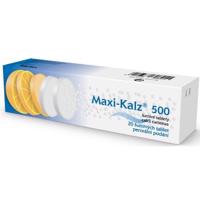 MAXI-KALZ 500MG šumivá tableta 20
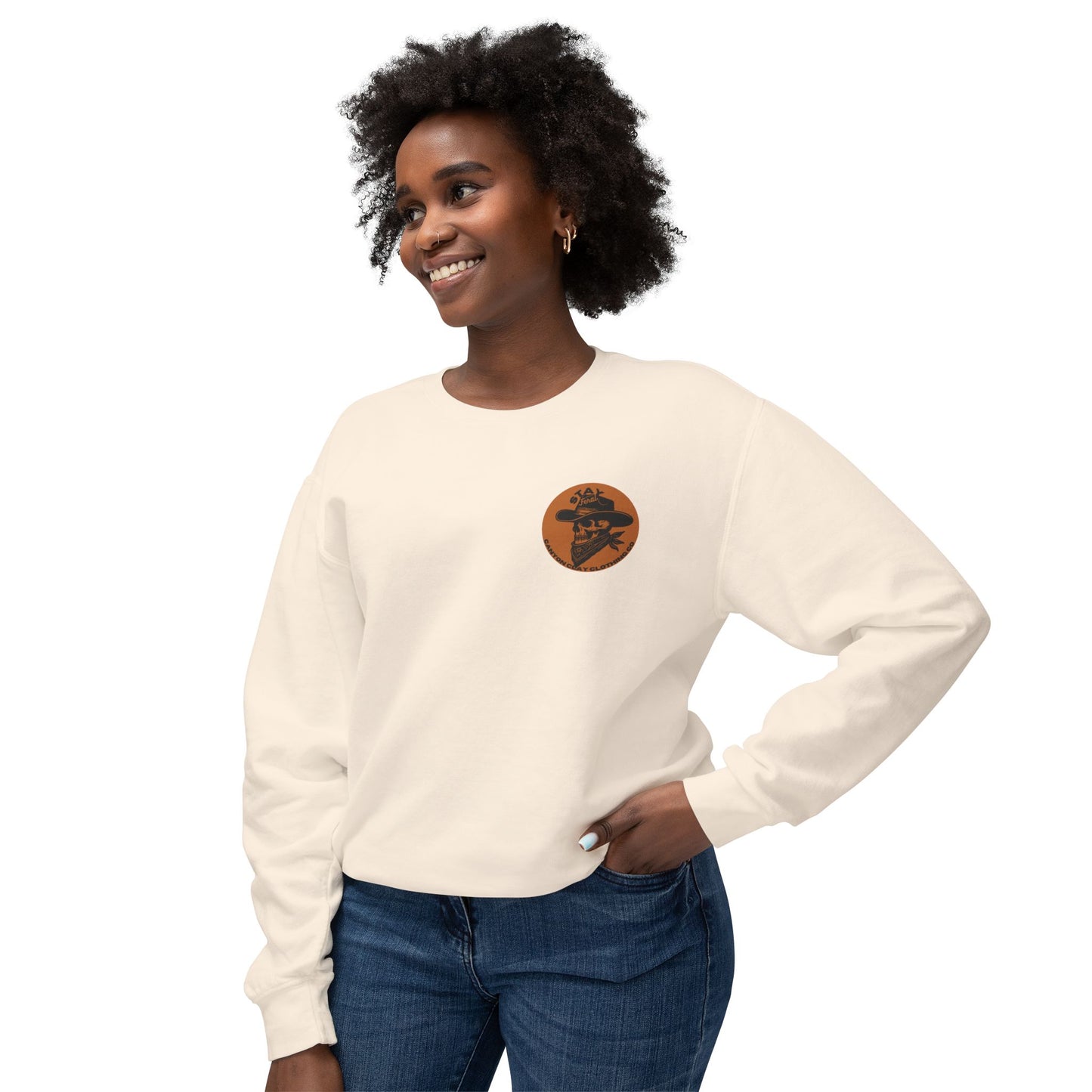 Stay Feral Unisex Lightweight Crewneck Sweatshirt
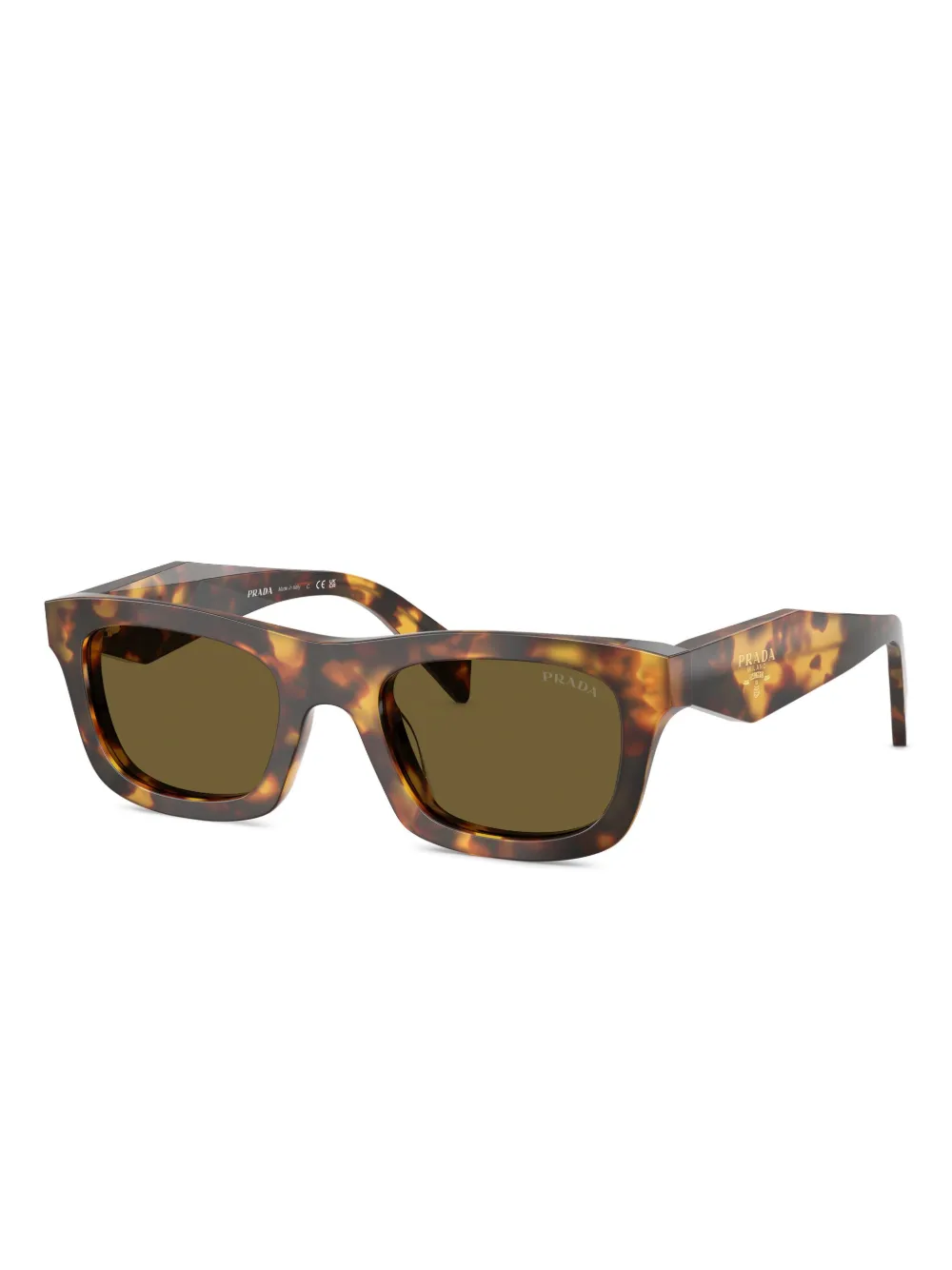 Prada Square-frame Sunglasses In Brown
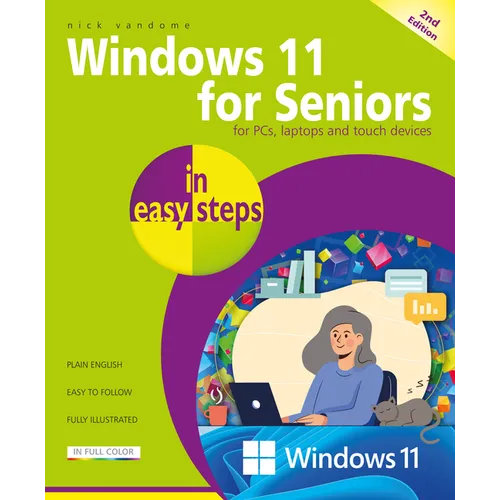 Windows 11 for Seniors in Easy Steps - Paperback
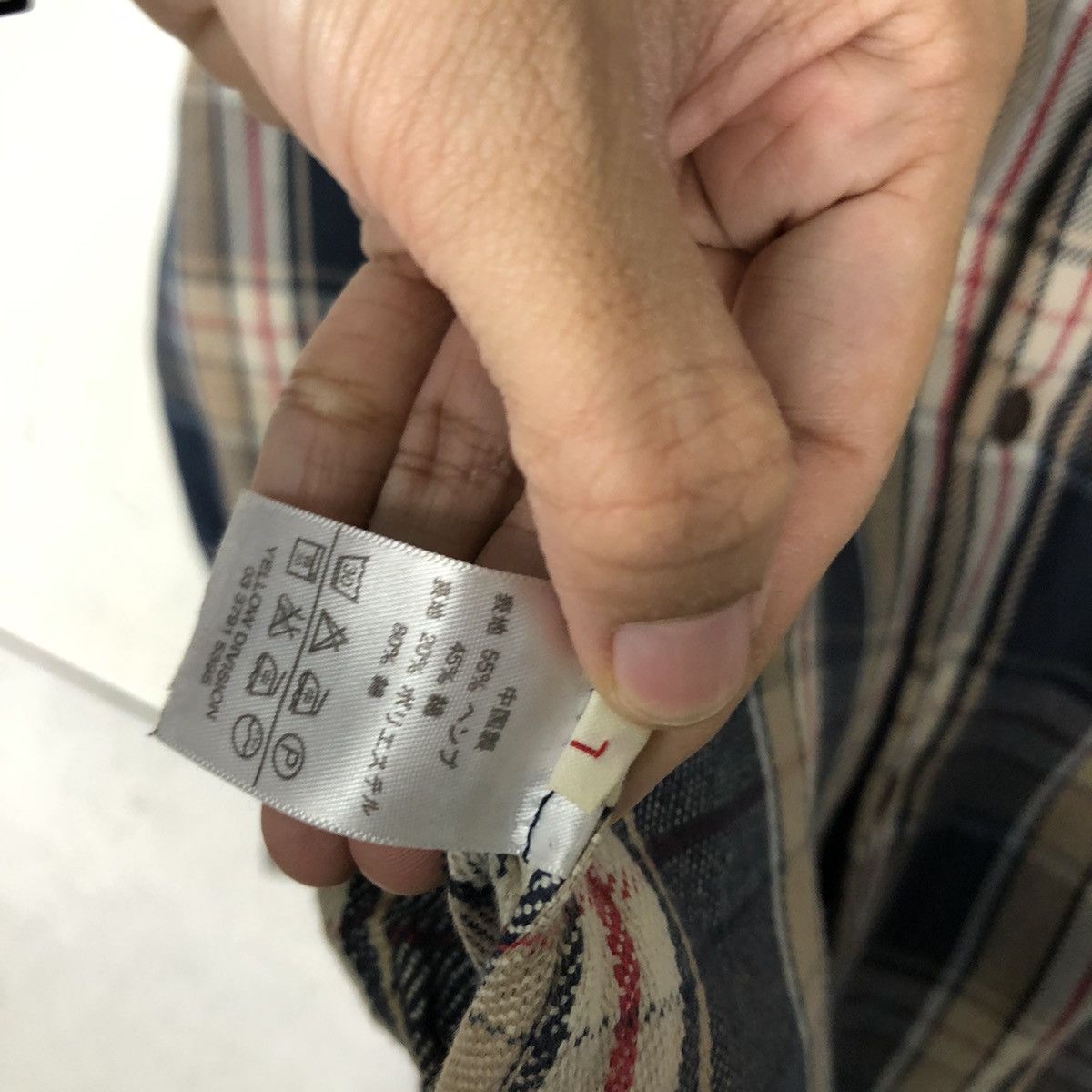 Flannel 🔥Vtg Flannel Jacket Tartan Design Gohemp Japan Issey Miyake Size US L / EU 52-54 / 3 - 18 Thumbnail
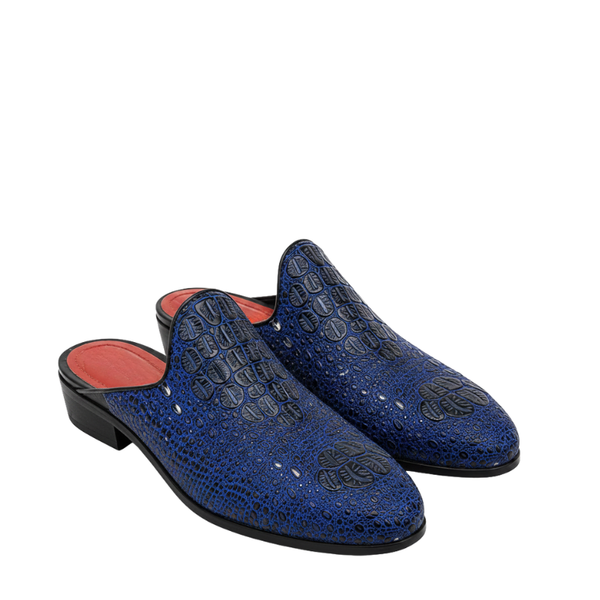 Royal Crest Crocodile Pattern Italian Mule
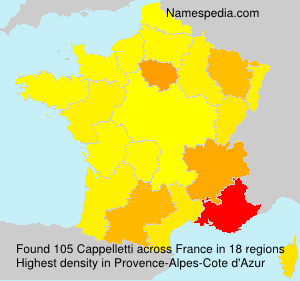 Surname Cappelletti in France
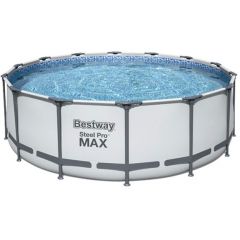 Bazén BESTWAY STEEL PRO MAX 457 x 122 cm bílý
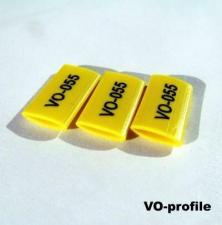 Профиль VO-036BN4 желтый, для маркировки однотипных проводов Ø 3,6 мм, 150 метров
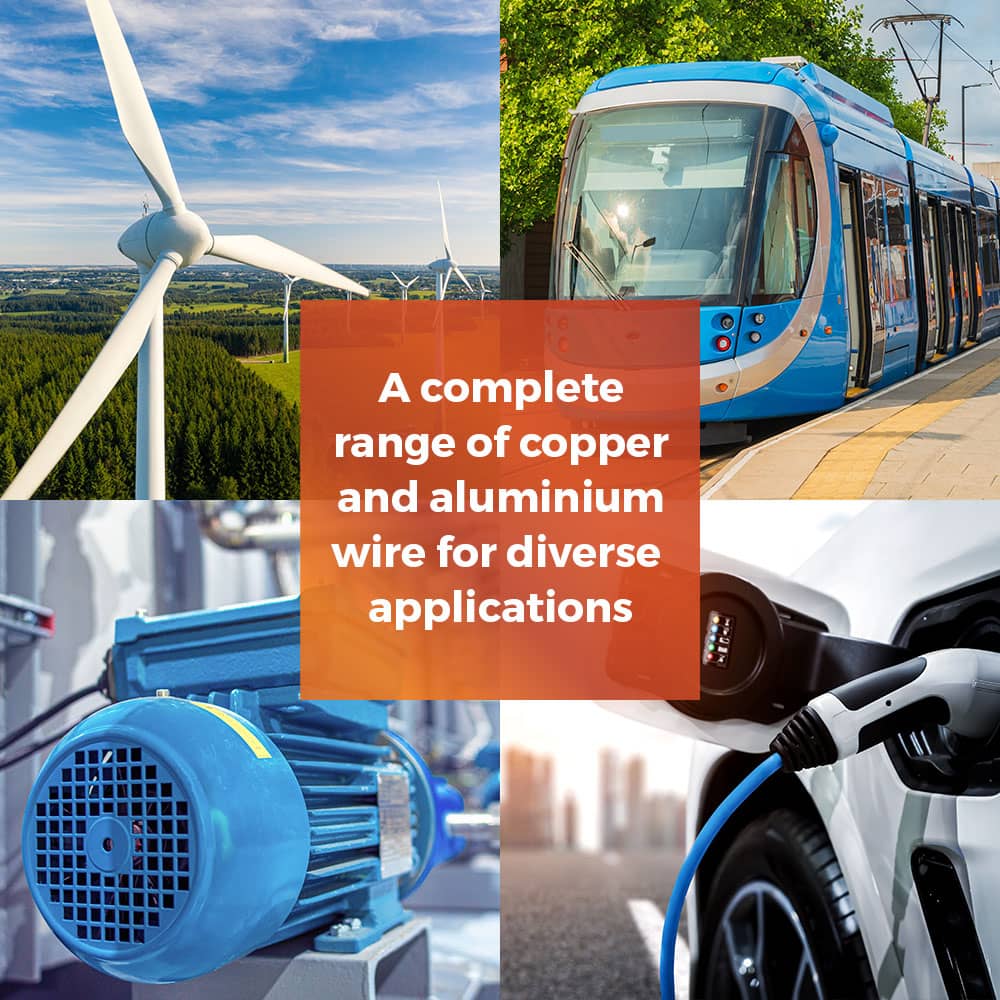 A complete range of copper and aluminium wire for diverse applications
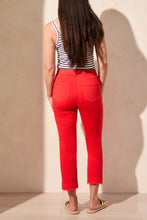 Load image into Gallery viewer, Tribal Sophia Curvy Flared Jeans with Released Hem, Bayberry

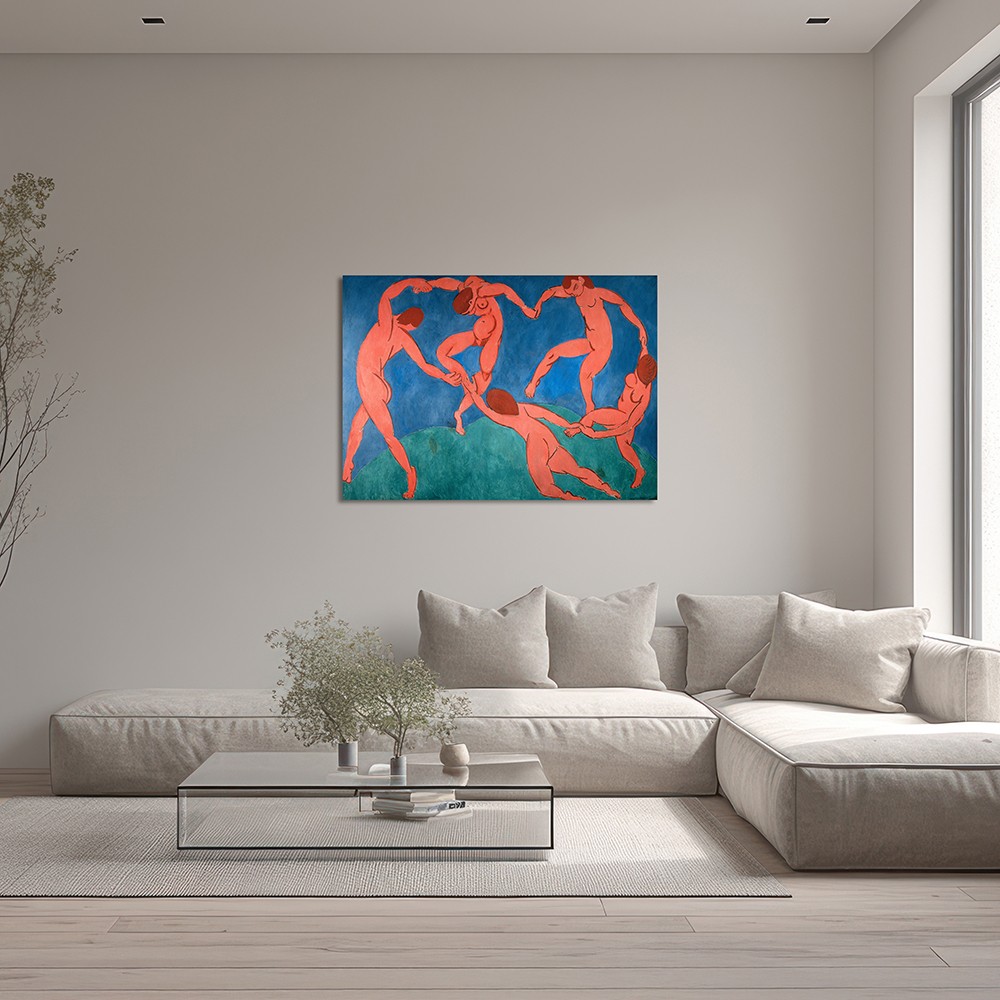 “The Dance” – Renkle Atan Ritmik Bir Kalp | Henri Matisse (Kanvas Baskı) Tablo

### What to produce:
Nothing but the lines from the one containing "Stay Feral Unisex" through the end of the listing should be printed, each exactly as it appears and without pictures.

### Written answer:
 Stay Feral Unisex Lightweight Crewneck Sweatshirt
 Prada Square-frame Sunglasses In Brown
 Windows 11 for Seniors in Easy Steps - Paperback
 Flannel 🔥Vtg Flannel Jacket Tartan Design Gohemp Japan Issey Miyake Size US L / EU 52-54 / 3 - 18 Thumbnail
 Royal Crest Crocodile Pattern Italian Mule
 Surname Cappelletti in France
 Bazén BESTWAY STEEL PRO MAX 457 x 122 cm bílý
 Профиль VO-036BN4 желтый, для маркировки однотипных проводов Ø 3,6 мм, 150 метров
 A complete range of copper and aluminium wire for diverse applications
 Load image into Gallery viewer, Tribal Sophia Curvy Flared Jeans with Released Hem, Bayberry

 “The Dance” – Renkle Atan Ritmik Bir Kalp | Henri Matisse (Kanvas Baskı) Tablo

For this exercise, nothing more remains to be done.